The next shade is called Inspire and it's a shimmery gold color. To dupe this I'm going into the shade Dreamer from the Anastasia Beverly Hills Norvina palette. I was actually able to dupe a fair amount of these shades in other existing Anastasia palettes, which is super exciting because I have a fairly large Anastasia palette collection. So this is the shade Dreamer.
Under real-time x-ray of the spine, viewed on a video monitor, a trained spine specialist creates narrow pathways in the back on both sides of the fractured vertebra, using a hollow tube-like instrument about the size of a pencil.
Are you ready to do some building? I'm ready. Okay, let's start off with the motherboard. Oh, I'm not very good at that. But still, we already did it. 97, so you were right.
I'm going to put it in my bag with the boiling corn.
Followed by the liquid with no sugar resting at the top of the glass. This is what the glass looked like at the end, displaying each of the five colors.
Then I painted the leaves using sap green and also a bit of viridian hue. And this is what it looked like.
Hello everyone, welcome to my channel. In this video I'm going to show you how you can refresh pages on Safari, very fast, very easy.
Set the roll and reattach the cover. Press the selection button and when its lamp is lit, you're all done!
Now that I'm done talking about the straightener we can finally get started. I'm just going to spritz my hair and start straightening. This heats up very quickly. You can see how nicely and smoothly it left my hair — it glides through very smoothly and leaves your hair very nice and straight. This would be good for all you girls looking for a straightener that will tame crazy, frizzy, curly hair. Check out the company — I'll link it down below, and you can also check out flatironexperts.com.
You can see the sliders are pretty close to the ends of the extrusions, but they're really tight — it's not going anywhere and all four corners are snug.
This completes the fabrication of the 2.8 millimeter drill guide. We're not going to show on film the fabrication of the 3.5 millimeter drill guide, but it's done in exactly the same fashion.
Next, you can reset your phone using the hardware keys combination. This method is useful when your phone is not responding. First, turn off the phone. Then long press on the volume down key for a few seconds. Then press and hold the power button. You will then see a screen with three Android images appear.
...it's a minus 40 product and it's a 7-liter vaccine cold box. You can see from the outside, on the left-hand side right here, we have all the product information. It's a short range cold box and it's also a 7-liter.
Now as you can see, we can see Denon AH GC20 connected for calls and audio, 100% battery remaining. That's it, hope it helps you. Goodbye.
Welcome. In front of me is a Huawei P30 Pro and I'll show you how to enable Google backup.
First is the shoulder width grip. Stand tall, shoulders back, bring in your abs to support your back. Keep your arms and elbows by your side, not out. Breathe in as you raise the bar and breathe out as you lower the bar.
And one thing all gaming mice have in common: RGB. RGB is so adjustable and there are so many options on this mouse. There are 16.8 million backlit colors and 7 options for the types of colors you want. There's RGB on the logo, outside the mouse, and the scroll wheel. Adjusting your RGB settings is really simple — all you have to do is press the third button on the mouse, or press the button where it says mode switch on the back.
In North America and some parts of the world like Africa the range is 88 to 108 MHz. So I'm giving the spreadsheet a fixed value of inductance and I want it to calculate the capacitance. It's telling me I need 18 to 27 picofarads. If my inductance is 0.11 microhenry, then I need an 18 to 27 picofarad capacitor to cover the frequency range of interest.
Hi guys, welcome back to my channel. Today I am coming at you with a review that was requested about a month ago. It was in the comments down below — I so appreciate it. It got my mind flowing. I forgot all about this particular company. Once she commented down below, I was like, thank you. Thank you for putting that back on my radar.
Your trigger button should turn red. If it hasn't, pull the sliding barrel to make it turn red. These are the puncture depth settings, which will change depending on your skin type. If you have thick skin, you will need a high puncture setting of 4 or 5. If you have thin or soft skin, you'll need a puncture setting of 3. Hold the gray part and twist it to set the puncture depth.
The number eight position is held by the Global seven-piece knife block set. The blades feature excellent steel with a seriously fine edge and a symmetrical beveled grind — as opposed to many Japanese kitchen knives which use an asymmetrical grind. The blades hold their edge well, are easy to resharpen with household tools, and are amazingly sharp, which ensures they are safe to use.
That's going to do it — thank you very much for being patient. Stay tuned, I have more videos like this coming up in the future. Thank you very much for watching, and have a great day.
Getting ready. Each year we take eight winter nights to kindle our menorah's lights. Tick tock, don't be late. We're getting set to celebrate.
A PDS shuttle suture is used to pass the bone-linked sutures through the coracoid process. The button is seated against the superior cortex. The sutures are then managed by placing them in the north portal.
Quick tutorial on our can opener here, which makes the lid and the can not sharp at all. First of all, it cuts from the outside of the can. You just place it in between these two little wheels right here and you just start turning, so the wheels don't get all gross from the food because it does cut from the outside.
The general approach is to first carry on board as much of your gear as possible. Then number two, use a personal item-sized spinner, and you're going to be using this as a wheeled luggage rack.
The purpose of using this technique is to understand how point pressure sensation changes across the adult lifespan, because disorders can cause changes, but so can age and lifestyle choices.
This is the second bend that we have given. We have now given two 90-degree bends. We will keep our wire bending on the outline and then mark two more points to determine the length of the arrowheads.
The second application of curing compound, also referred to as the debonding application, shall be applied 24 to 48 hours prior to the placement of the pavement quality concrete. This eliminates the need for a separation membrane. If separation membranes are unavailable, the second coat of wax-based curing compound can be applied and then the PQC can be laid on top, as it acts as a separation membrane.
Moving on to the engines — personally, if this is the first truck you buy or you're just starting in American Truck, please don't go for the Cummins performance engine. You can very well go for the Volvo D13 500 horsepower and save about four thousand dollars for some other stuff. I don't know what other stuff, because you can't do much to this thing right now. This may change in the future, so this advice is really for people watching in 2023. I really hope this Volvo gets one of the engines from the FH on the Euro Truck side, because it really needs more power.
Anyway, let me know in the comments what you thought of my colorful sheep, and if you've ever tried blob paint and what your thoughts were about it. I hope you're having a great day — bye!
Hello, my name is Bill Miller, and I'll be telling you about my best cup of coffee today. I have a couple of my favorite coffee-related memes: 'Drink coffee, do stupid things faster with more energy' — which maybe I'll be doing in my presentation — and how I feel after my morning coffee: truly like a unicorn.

--------------------

Only one part of the material above is to be transcribed, namely the lines starting with the line that has "Under real-time x-ray" and going on through the line that has "I'm going to put", exactly as they stand.

Exercise output:
Under real-time x-ray of the spine, viewed on a video monitor, a trained spine specialist creates narrow pathways in the back on both sides of the fractured vertebra, using a hollow tube-like instrument about the size of a pencil.
Are you ready to do some building? I'm ready. Okay, let's start off with the motherboard. Oh, I'm not very good at that. But still, we already did it. 97, so you were right.
I'm going to put it in my bag with the boiling corn.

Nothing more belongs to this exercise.